Acronyms are everywhere! There are plenty you use and many more you do not, but before you buy a home you should probably know these.
APR – Annual Percentage Rate is the yearly interest percentage of a loan, as expressed by the actual rate of interest paid.
ARM – Adjustable Rate Mortgage is a loan subject to changes in interest rates; when rates change, ARM monthly payments increase or decrease at intervals determined by the lender
CMA - competitive market analysis is a report that shows prices of homes that are comparable to a subject home and that were recently sold, are currently on the market or were on the market, but not sold within the listing period.
EMD – Earnest Money Deposit is a good faith deposit of funds given by a potential buyer who is offering on a property.

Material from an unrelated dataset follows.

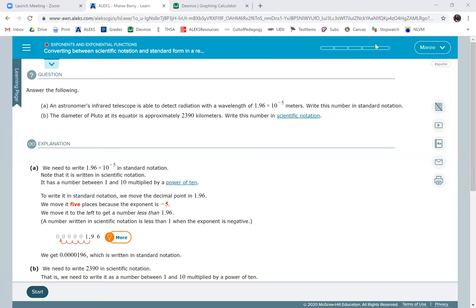The difference between standard notation and scientific notation is standard notation is just what a number normally looks like, and scientific notation is when you have times 10 raised to whatever power. So they're going to give you what looks like two different problems.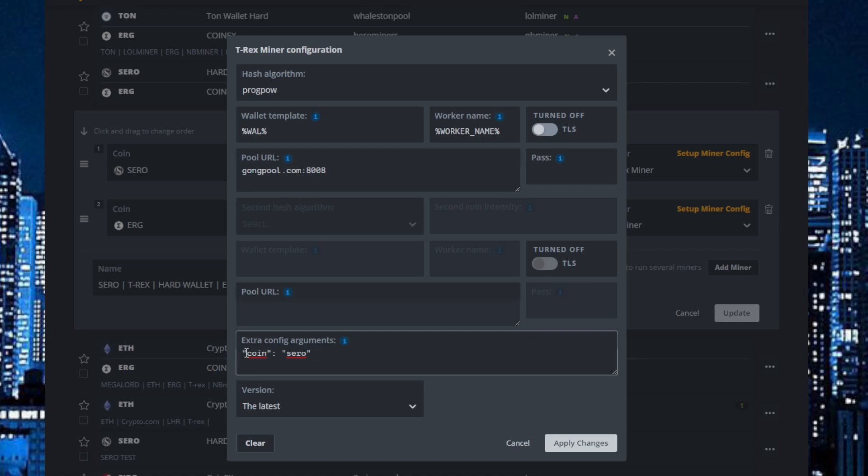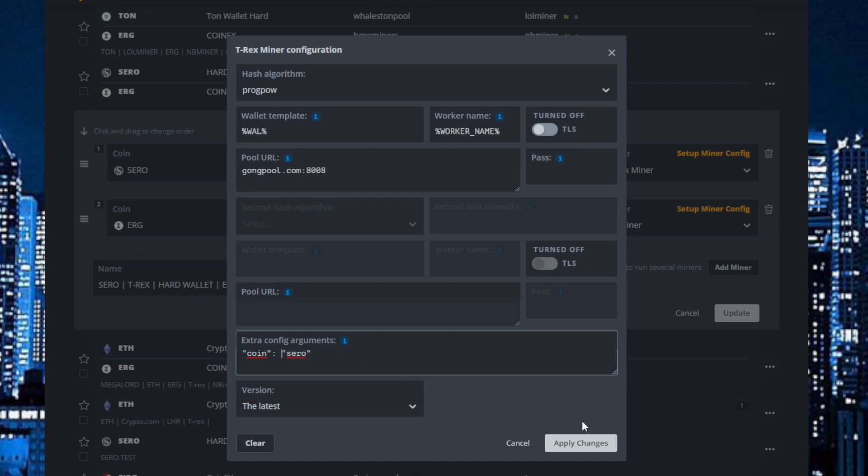So you can just mark it, copy paste it, and put it in the extra configuration. And you can see there's a space here between. Just put it in, apply, and launch the flight sheet.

FPM – A Flexible-Payment Mortgage is a loan that allows the borrower to pay only the interest for the first few years of the loan.
FRM – Fixed-Rate Mortgage is a mortgage loan first developed by the Federal Housing Administration where the interest rate on the note remains the same through the term of the loan, as opposed to loans where the interest rate may adjust or “float.”
HEL – A Home Equity Loan is a mortgage loan first developed by the Federal Housing Administration where the interest rate on the note remains the same through the term of the loan, as opposed to loans where the interest rate may adjust or “float.”